• [DATA BLOCK]:

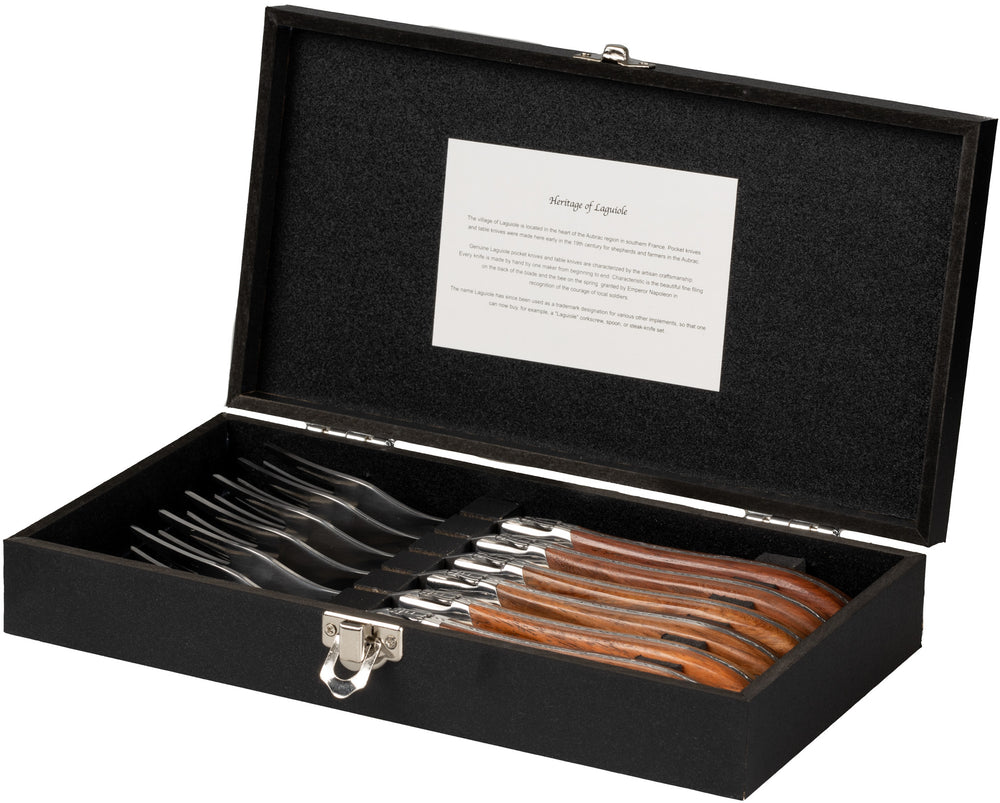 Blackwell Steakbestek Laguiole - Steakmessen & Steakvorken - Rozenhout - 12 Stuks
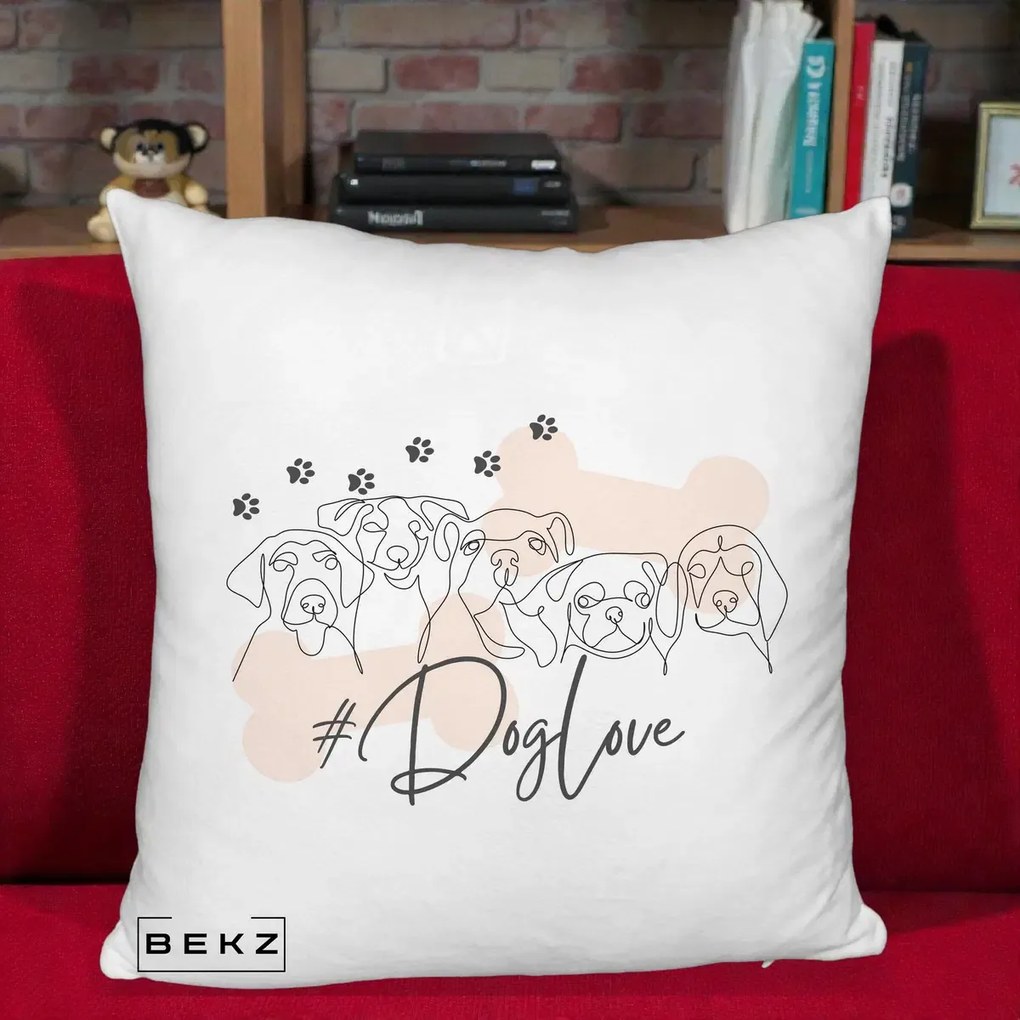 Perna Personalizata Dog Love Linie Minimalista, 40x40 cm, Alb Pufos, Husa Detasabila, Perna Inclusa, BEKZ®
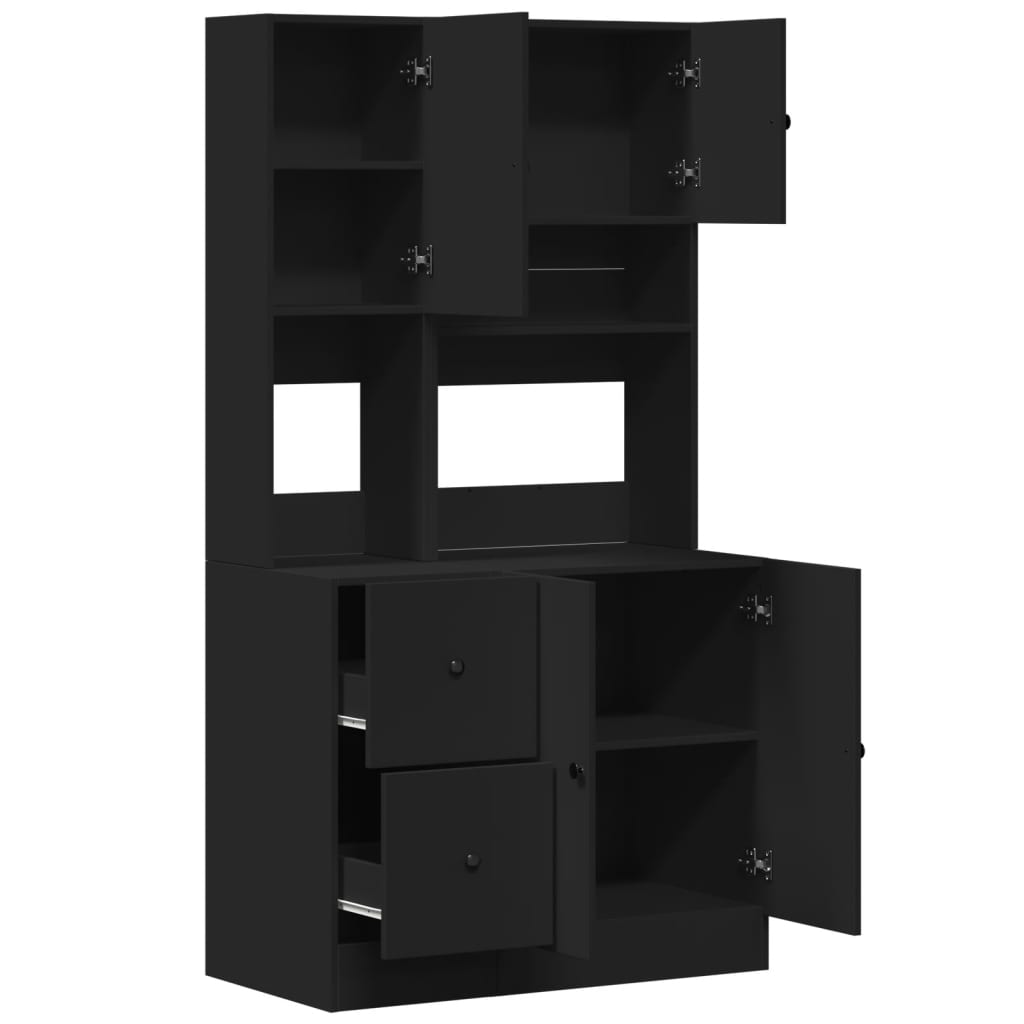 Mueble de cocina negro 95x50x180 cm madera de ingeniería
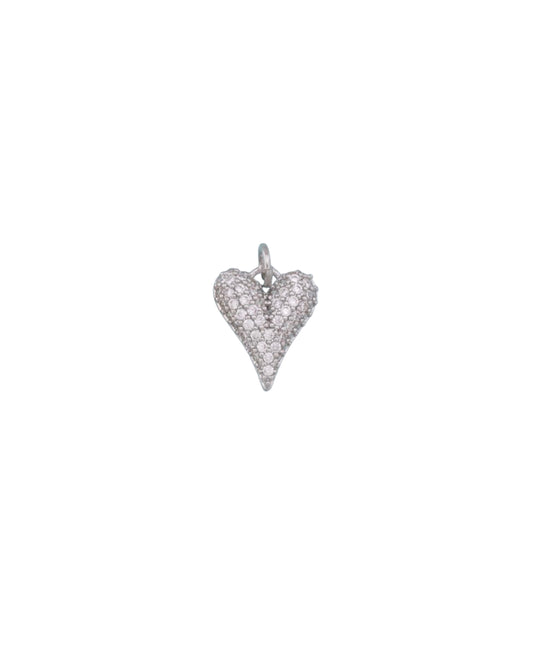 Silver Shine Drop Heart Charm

• [EXERCISE INSTRUCTIONS]: Retype the listing exactly and drop the pictures.

• [THE ANSWER]:
 Blackwell Steakbestek Laguiole - Steakmessen & Steakvorken - Rozenhout - 12 Stuks
 Perna Personalizata Dog Love Linie Minimalista, 40x40 cm, Alb Pufos, Husa Detasabila, Perna Inclusa, BEKZ®
 Mueble de cocina negro 95x50x180 cm madera de ingeniería
 Silver Shine Drop Heart Charm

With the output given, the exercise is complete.